Pero, ¿qué sucede con aquellos ejemplos históricos que contradicen claramente sus conclusiones? Argüelles reconoce que estos principios no fueron siempre respetados en la práctica (lo que atribuye a la ausencia de leyes claras), pero tales casos “no pudieron echar de sí la memoria de haber sido electiva la corona en su origen” (8, énfasis añadido), frase que meritoriamente logra recomponer, gracias a la labor reconstituyente de la memoria, la discontinuidad histórica que se reconoce en su ejercicio. En segundo lugar, Argüelles se basa en la inexistencia de pruebas fehacientes que contradigan aquel derecho originario, desplazando la carga de la prueba a quien pretenda argüir que la soberanía no reside en la nación, ya que: “¿no era preciso que para sostener lo contrario se señalase la época en que la nación se había despojado a sí misma de un derecho tan inherente, tan esencial a su existencia política? ¿No era preciso exhibir las escrituras y auténticos documentos en que constase el desprendimiento y enajenación de su libertad?” (8). De manera que recuerda los argumentos de Rousseau contra la imposibilidad de enajenar la libertad personal en el libro primero del Contrato Social, Argüelles sostiene que tamaña alienación requeriría no sólo situaciones de hecho, sino pruebas de derecho, cuya ausencia vendría a demostrar a contrario, que la soberanía sigue residiendo en su legítimo propietario: la nación. Finalmente, reconoce que el vasto cuerpo de legislación y jurisprudencia heredado de los siglos contiene disposiciones y normas que contradicen sus conclusiones. Por ejemplo, en las famosas Partidas redactadas durante el reino de Alfonso X (1252-1284) se dispone que el rey ostenta potestad exclusiva sobre las leyes y ningún otro tendrá potestad para hacerlas, y que si alguno las hiciere, no tendrán fuerza ni valor alguno.[19] Ciertamente, esto plantea una contradicción o antinomia jurídica a la que se ha de dar respuesta.

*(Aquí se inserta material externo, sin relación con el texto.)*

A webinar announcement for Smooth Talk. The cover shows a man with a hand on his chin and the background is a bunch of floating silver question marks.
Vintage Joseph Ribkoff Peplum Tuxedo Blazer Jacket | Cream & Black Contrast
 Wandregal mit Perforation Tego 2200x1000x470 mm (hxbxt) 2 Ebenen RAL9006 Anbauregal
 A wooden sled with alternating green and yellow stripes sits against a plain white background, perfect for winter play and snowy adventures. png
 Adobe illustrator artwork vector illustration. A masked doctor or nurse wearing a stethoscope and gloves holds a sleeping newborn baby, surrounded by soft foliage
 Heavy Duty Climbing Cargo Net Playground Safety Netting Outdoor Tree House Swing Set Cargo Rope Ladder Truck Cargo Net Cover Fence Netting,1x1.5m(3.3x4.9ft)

Argüelles trata primero de minimizar su alcance, explicando estas contradicciones como inevitables en el largo transcurso de los siglos y el modo acumulativo en que ha ido desarrollándose la jurisprudencia, apilándose un código tras otro sin ningún criterio de sistematicidad. Ello torna “forzoso entresacar con gran cuidado y diligencia las leyes puramente fundamentales y constitutivas de la monarquía de entre la prodigiosa multitud de otras leyes de muy diferente naturaleza, de espíritu diverso y aun contrario a la índole de aquéllas” (17). Ahora bien, la dispersión normativa heredada de los siglos podría justificar la necesidad de eliminar asperezas y contradicciones, pero no el criterio seguido a la hora de hacer la selección de normas. Para ello, Argüelles necesita otro argumento fundamentado en una “mejor lectura” de la tradición, realizada con el ánimo de penetrar profundamente, no en el tenor de las citadas leyes, sino en su índole y espíritu (20). Entre tanta legislación y avatar histórico, Argüelles invoca este espíritu “no en el que últimamente había igualado a casi todas las provincias en el yugo y la degradación, sino de las que todavía quedaban vivas en algunas de ellas” (20). A ello acompaña esta breve narración:
Los españoles fueron en tiempos de los godos una nación libre e independiente, formando un mismo y único imperio; los españoles, después de la restauración, aunque también fueron libres, estuvieron divididos en diferentes estados en que fueron más o menos independientes […] Los españoles nuevamente reunidos bajo una misma monarquía todavía fueron libres por algún tiempo; pero la unión de Aragón y de Castilla fue seguida muy en breve de la pérdida de la libertad, y el yugo se fue agravando de tal modo que últimamente habíamos perdido, doloroso es decirlo, hasta la idea de nuestra dignidad, si se exceptúan las felices provincias vascongadas y el reino de Navarra, que presentando a cada paso en sus venerables fueros una terrible protesta y reclamación contra las usurpaciones del Gobierno, y una reconvención irresistible al resto de España por sus deshonrosos sufrimientos, excitaba de continuo los temores de la corte…
(19)
Se ofrece a la nación así considerada una narración simplificada de su historia; la de un sujeto político único al que se atribuye un ansia constante e irrefrenable de libertad, no obstante los obstáculos, rupturas y discontinuidades interpuestas, incluida la propia diversidad de los reinos y regímenes jurídicos que lo integran. Este es un relato de pérdida progresiva de dignidad bajo la acción del poder absoluto que la constitución vendría a recomponer, apoyándose para ello en los reductos de libertad que todavía quedan vivos en algunos territorios. Así, la libertad también unifica la experiencia entre territorios diversos, a caballo entre el dolor y el sufrimiento por su pérdida y la pugna constante por recobrarla, en contra de la acción usurpadora de los monarcas. Se trata por tanto de una narración hilvanada alrededor de una idea o principio motor (la libertad) que da coherencia y explica la historia, y del que se extrae un principio (el de la libertad originaria) que se emplea a continuación para resolver las antinomias. En tanto que presunción pro libertatis, se emplea ésta para decantarse en favor de que la potestad legislativa resida en las cortes y no en el monarca, como decía la disposición aludida de la Partida, que, en cuanto norma contraria al principio destilado de la tradición, se ha de suprimir. Según esta relectura creativa y creadora de la tradición, idéntico deseo de libertad subyacen tanto a las antiguas leyes fundamentales como a la presente constitución, por lo que no duda que el Congreso oirá con “benignidad” el proyecto que presenta (16).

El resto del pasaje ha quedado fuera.